There's no such hard-and-fast rule. The cost estimate break point depends
greatly on the index order correlation (which is 100% in your example),
as well as some other factors like the index size versus
effective_cache_size.
For randomly-ordered data I believe the cutover is actually well below 10%.
regards, tom lane
--
Sent via pgsql-hackers mailing list (pgsql-hackers@postgresql.org)
To make changes to your subscription:
http://www.postgresql.org/mailpref/pgsql-hackers
On Wed, Jun 8, 2016 at 01:28:54PM -0400, Tom Lane wrote:
Bruce Momjian <bruce@momjian.us> writes:
As part of my research on the parsing/planning behavior of PREPARE, I
found a surprising behavior --- a WHERE clause that is 50% restrictive
is using an index. I thought only <10% restrictions used indexes.There's no such hard-and-fast rule. The cost estimate break point depends
greatly on the index order correlation (which is 100% in your example),
as well as some other factors like the index size versus
effective_cache_size.For randomly-ordered data I believe the cutover is actually well below 10%.

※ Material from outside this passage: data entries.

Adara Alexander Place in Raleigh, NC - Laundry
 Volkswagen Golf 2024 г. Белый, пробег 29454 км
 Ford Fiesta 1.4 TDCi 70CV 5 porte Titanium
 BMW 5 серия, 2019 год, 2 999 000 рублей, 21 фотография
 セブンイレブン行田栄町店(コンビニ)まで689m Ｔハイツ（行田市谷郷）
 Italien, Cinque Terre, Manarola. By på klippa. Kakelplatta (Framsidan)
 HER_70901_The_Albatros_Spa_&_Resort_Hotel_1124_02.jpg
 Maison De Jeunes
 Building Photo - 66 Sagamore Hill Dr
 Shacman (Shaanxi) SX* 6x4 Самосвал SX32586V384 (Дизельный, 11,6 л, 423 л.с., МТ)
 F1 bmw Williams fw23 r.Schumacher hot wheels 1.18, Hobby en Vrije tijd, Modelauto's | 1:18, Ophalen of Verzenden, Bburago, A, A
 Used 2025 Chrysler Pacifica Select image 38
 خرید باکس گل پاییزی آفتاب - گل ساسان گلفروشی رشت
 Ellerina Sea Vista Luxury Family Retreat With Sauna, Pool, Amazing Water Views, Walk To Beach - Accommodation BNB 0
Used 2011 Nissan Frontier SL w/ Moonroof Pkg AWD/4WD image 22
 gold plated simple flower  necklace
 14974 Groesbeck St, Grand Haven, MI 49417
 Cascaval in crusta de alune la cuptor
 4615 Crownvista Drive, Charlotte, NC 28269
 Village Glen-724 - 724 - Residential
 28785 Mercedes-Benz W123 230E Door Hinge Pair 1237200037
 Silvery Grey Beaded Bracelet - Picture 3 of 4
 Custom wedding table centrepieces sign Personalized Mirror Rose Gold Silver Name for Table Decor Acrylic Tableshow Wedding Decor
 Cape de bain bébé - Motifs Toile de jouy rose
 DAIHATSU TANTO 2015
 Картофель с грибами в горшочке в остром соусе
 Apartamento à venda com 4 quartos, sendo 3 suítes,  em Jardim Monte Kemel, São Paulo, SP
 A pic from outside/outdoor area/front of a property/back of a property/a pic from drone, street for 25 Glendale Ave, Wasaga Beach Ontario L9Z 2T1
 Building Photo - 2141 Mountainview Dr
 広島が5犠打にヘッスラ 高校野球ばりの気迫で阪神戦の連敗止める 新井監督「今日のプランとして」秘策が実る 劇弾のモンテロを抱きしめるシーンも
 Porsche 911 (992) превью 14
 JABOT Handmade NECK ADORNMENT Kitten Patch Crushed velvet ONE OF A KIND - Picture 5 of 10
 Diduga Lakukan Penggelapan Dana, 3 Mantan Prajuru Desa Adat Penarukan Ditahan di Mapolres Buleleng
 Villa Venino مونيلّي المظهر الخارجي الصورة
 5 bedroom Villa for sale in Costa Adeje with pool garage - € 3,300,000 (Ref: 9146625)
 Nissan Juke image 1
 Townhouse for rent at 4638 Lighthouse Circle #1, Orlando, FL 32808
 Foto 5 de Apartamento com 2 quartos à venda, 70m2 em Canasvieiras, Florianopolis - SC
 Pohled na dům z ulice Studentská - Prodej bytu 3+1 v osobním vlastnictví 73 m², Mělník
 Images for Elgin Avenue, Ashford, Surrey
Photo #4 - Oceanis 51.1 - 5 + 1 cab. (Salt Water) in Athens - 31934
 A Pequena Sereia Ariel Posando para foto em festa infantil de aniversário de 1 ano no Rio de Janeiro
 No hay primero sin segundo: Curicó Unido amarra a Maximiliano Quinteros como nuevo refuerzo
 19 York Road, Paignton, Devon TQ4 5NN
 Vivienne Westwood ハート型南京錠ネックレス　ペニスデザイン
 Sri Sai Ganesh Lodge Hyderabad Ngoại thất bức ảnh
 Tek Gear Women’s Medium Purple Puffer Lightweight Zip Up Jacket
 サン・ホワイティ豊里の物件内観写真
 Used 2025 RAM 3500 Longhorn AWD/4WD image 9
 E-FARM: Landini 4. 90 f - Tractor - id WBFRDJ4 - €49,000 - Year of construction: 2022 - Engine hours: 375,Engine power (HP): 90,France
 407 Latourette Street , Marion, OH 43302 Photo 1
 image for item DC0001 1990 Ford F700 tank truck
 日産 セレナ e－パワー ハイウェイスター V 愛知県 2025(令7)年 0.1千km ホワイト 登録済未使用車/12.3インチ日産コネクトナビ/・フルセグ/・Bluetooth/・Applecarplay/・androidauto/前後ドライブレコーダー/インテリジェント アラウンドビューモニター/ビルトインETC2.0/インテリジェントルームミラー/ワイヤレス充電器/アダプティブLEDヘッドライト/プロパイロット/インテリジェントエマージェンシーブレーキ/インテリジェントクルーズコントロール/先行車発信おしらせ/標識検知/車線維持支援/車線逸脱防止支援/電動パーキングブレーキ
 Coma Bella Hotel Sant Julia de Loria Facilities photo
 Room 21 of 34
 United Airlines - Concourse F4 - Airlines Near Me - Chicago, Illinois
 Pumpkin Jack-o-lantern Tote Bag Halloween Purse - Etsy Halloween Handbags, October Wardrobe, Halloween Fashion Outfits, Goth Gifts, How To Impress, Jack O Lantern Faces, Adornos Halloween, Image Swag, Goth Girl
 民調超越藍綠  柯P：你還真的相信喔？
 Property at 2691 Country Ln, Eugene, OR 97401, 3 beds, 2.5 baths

Ah, I had not considered the correlation order of the rows in the table.
This test returns the sequential scan I expected by using floor(random()
* 2):
DROP TABLE IF EXISTS test;
CREATE TABLE test (c1 INT, c2 INT, c3 INT);
INSERT INTO test SELECT c1, floor(random() * 2), 0 FROM generate_series(1, 10000) AS a(c1);
INSERT INTO test SELECT c1, floor(random() * 2), 1 FROM generate_series(10001, 20000) AS a(c1);
CREATE INDEX i_test_c2 ON test (c2);
ANALYZE test;
EXPLAIN SELECT * FROM test WHERE c2 = 0;
Thanks.
--
Bruce Momjian <bruce@momjian.us> http://momjian.us
EnterpriseDB http://enterprisedb.com
+ As you are, so once was I. As I am, so you will be. +
+ Ancient Roman grave inscription +
--
Sent via pgsql-hackers mailing list (pgsql-hackers@postgresql.org)
To make changes to your subscription:
http://www.postgresql.org/mailpref/pgsql-hackers
On Wed, Jun 8, 2016 at 05:07:34PM -0400, Bruce Momjian wrote:
For randomly-ordered data I believe the cutover is actually well below 10%.
Ah, I had not considered the correlation order of the rows in the table.
This test returns the sequential scan I expected by using floor(random()
* 2):DROP TABLE IF EXISTS test;
CREATE TABLE test (c1 INT, c2 INT, c3 INT);
INSERT INTO test SELECT c1, floor(random() * 2), 0 FROM generate_series(1, 10000) AS a(c1);
INSERT INTO test SELECT c1, floor(random() * 2), 1 FROM generate_series(10001, 20000) AS a(c1);
CREATE INDEX i_test_c2 ON test (c2);
ANALYZE test;
EXPLAIN SELECT * FROM test WHERE c2 = 0;Thanks.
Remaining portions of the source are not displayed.